Между тем хлеба в стране нехватало. В прошлом, 1928 году на Украине и Кубани погибли озимые. И именно в эту пору впервые прозвучало слово «яровизация». Газеты оповестили о небывалой удаче полтавского крестьянина Дениса Лысенко, у которого озимая пшеница выросла за одно лето и принесла богатый урожай.
Открытие одесского ученого нашло поддержку правительства. Метод яровизации стал достоянием страны.
Новый метод ускорять созревание хлеба и повышать урожай породил между тем множество толков, сомнений и трудностей. Они росли, как сорняки, их было много, шли они густо.
— Обратите внимание, — шептались сторонники менделевского учения, — он все рассчитал, а вот с сеялкой-то не посоветовался. Проросшие семена не проходят через высевной аппарат.
— Ничего сложного, — иронизировали другие, — он найдет выход — предложит сеять вручную. Человек, который обходится без микроскопа, не остановится перед тем, чтобы отказаться от сеялки.
— Что еще скажут проверочные опыты, — продолжали надеяться противники. Они читали Платова и запомнили его правило: «Бодрствуй и не забывай не доверять…»
Лысенко начинает свои опыты снова.
— Тут что-то не так, — повторяет он про себя, — я чего-нибудь, должно быть, недосмотрел…
Снова замачиваются семена, снова их высевают, но на этот раз без корешков: они не успели еще прорасти, Несколько недель напряженного ожидания — и трудность разрешена. Зародышу, оказывается, достаточно только тронуться в рост, не пробивая семенной оболочки. Нет нужды так сильно проращивать семена.
Лысенко не ждет, пока другие начнут проверять результаты его опытов. Он сам приступает к этой задаче.
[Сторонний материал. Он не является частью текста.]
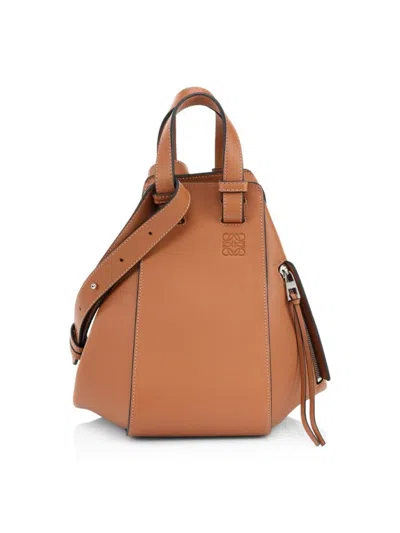 Loewe Womens Tan Hammock Small Leather Shoulder Bag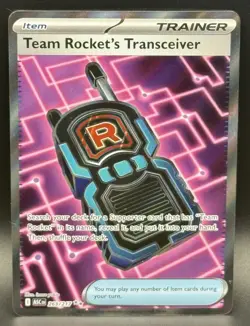 Pokemon TCG Team Rocket's Transceiver ASC 263/217 Trainer Ultra Rare Foil - Image 1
Верный своему убеждению, что лучшим арбитром между ним и его делом может быть только природа — естественные условия полевого хозяйства, он пишет статьи в районные и областные газеты, описывает свой опыт и приглашает крестьян проверить его на полях. Эти честные труженики, искренние и правдивые, как природа, которая их окружает, подтвердят или отвергнут то, что он открыл на своих делянках. Тут не будет ошибок, возникающих обычно, когда в искусственных условиях оперируешь живым организмом. Он сам едет к ним, к своим будущим судьям, проверяет, советует и зорко следит, чтобы проверочный опыт на пшеничных полях не потерпел неудачи.
Арбитры оказались благодарными людьми, они засыпали исследователя письмами, посылали ему колосья — живое свидетельство их грядущего благополучия, благодарили и восхищались новым средством поднимать урожай. «Через всю ширь колхозных цветущих полей, — писали они, — шлем вам горячий привет».
Через несколько лет миллионы гектаров земли уже были засеяны этим так называемым яровизированным зерном. Десятки миллионов центнеров добавочного зерна принесло это открытие сельскому хозяйству страны.